La España real no se descompone, se descompone la Monarquía de Partidos, la España oficial. La  diferencia entre lo real y lo oficial caracterizó a la Dictadura desde el primero hasta el último de sus días. Estamos seguros de que la Monarquía de Partidos, aunque sea votada por más de 20 millones de españoles, no representa más que a los aparatos de los partidos estatales y a los que prosperan con ellos. Se sabe científicamente  que el sistema monárquico no representa a los electores ni a la sociedad civil.

Aquí, la monarquía está deslegitimada desde que Carlos IV y Fernando VII se aprestaron a negociar la corona de España con Bonaparte, en 1808. Por si no es bastante, recuérdese el nefasto reinado de Fernando VII, el penoso reinado de Isabel IIª, o el patético reinado de Alfonso XIII. La falta de arraigo de la república en España obedece a causas más serias que al prestigio de una dinastía desprestigiada hasta profundidades abisales en los últimos 200 años. El fracaso republicano español es el fracaso de nuestra condición ciudadana.

La responsabilidad del Rey, por su participación en la corrupción felipista, es infinitamente menor (aunque para el pueblo sea más repugnante) que la de estar asistiendo impávido a la disolución de España como Nación. Cuando la corrupción es inherente al sistema, porque no sólo la ampara sino que poco menos que la sacraliza, tanto da la ejemplaridad (o no) de quien ostente la representación cuando ésta sólo sirve de coartada y ambientador que enmascare la pestilente partitocracia que apenas puede representar a la ciudadanía.
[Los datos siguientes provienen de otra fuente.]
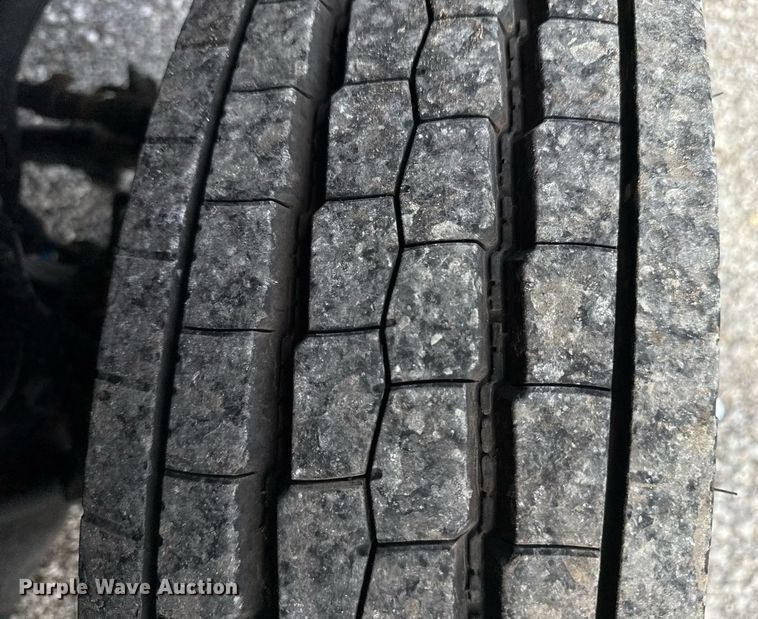 image for item EG5978 2017 Ford F550 Super Duty Crew Cab bucket truck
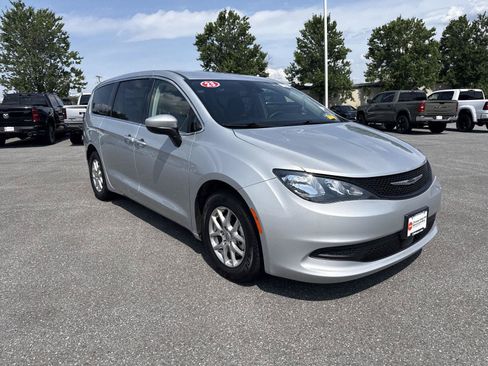 Used 2023 Chrysler Voyager LX FWD image 1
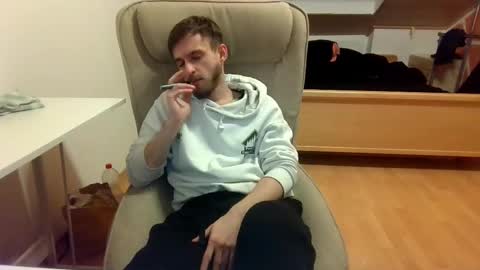 Snapshot of _v_l_a_d_ chatting on 03.11.25 Vlad online show from 03.11.25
La democracia es un avance cualitativo sobre los sistemas solamente liberales. Al liberalismo debemos el sufragio universal, el feminismo, el sistema electoral por mayoría en distritos pequeños, la libertad de expresión, la de asociación en partidos políticos o sindicatos, y en general, todas las libertades personales. Pero de ningún modo la libertad de acción política, que es la esencia de la democracia, única garantía institucional de la libertad. Si la mal llamada democracia suprime la base del liberalismo, como en la Monarquía de Partidos, deja de ser representativa de la sociedad. El liberalismo carece de instituciones para controlar el poder del Estado.

La inteligencia de Juan Carlos ha consistido precisamente en saber que el oportunismo era el criterio óptimo que maximizaba su probabilidad de conseguir la estabilidad en el poder, porque este era el rasgo que era y es seleccionado por el ambiente político del país. Juan Carlos simboliza como nadie una época de corrupción y cinismo donde todo se sacrifica por lograr el poder en procura de beneficios personales.

El enemigo del pueblo no es el Estado, sino la clase política que se apodera del poder. Cuando los colonos americanos se rebelaron contra Inglaterra, no lo hicieron por asco de la Monarquía (rasgo que solo se dió en Tom Paine), sino por odio al parlamentarismo que les había negado la igualdad de derechos con los británicos. Los grandes hombres de la Independencia se preguntaron: ¿cómo vamos a dar a nuestro pueblo el mismo sistema que el de quienes nos han despreciado? Si lo hiciéramos, también caeríamos en sus egoísmos y nos haríamos enemigos de nuestro propio pueblo. La Constitución de EEUU se hizo bajo dos principios: confianza en el pueblo, desconfianza en la clase gobernante. La de esta Monarquía de Partidos se elaboró en secreto, sin fase de libertad constituyente, para que con impunidad y alevosía los “padrinos de la patria” dictaran la desconfianza institucional hacia el pueblo y la confianza del sistema en el interés común de la clase política.

Un abstención superior al 60 por ciento, previsible, deslegitimaría a la partitocracia. El periodo constituyente lo definirá una situación donde la legalidad del poder político perderá la legitimidad que siempre necesita todo principio de autoridad. Cuando llegue ese momento, la situación política será tan imposible de sostener, que todo el mundo lo verá, y apoyará la salida más civilizada y constructiva.

Sin olvidar que también se  agitan banderas republicanas desde plataformas pseudo-izquierdistas financiadas por la propia Monarquía de Partidos.